Then have it map each format to the headline, description, landing page, and success metric.

That is a better use of AI than asking for 50 random headlines and calling it strategy.

The AI part is the production layer

I am not anti-AI creative. Obviously.

I use AI all day. But the value is not "AI made me an ad." The value is that AI can make the creative operating system faster.

It can audit what formats you are actually running. It can pull performance by format, aspect ratio, placement, hook, creator, and product. It can find where the account is over-indexed on one ad type. It can turn one long creator video into multiple cuts, write creator briefs from winning angles, resize assets, build a test plan, and summarize what worked into the next brief.

That is useful.

But a human still has to set the bar.

AI will happily create 200 versions of an ad nobody should have made in the first place. That is where a lot of teams are headed right now.

More volume. Less taste. More sameness, faster.

The simple test plan

If I were looking at an account this week, I would not start with "make more ads."

I would start with the creative mix.

What formats are actually getting spend? What is missing? Are we testing vertical video only because everyone says vertical video wins? Do we have a 16:9 story or demo ad? Do we have native image ads built for the placement, not just resized social creative? Do we have creator ads where the creator identity stays attached? Do we have any ad that feels meaningfully different from the last 20 ads the customer saw?

Then I would pick one ignored format and give it a real test.

Not a token $20/day campaign nobody cares about.

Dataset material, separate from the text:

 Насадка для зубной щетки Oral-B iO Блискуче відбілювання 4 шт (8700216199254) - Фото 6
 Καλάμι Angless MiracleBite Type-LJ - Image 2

A real test with a clean hypothesis.

Example:

We think a longer 16:9 creator explanation will earn higher-intent clicks than our short vertical hook ads because the product needs context before the buyer believes it.

Now the test has a reason to exist.

Now AI can help. It can pull the baseline, write the brief, create the asset checklist, QA the landing page, monitor the results, and summarize what happened.

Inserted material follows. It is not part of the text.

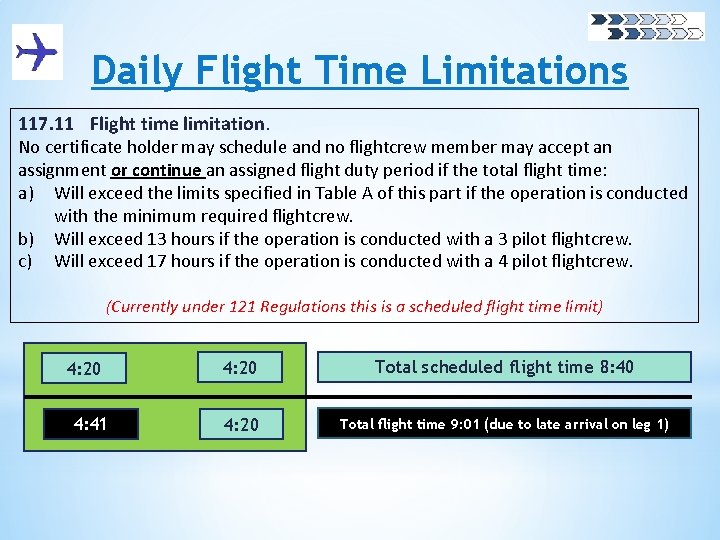 Daily Flight Time Limitations 117. 11 Flight time limitation. No certificate holder may schedule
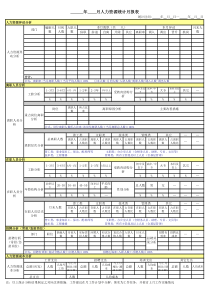 人力资源月报表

But the bet came from you.

That is the whole point.

Use AI for speed. Use your brain for the bet.

Marketing is getting weirder because AI makes execution feel cheap. More copy. More images. More videos. More variants.

Cool.

But if the underlying idea is the same as everybody else's, you are just making the sea of sameness deeper.

The edge is not making 200 versions of the same ad. The edge is knowing when the obvious format has become too obvious.

That is still human work.

Taste. Common sense. Actually looking at the feed. Actually understanding the customer. Actually asking, "what would make someone stop here?"

AI can supercharge the workflow around that. It can make you faster, sharper, more organized, and less buried in production work.

But you still have to make the call.

If everyone is making the same vertical hook ad, maybe the best test this week is the one your AI would not have suggested first.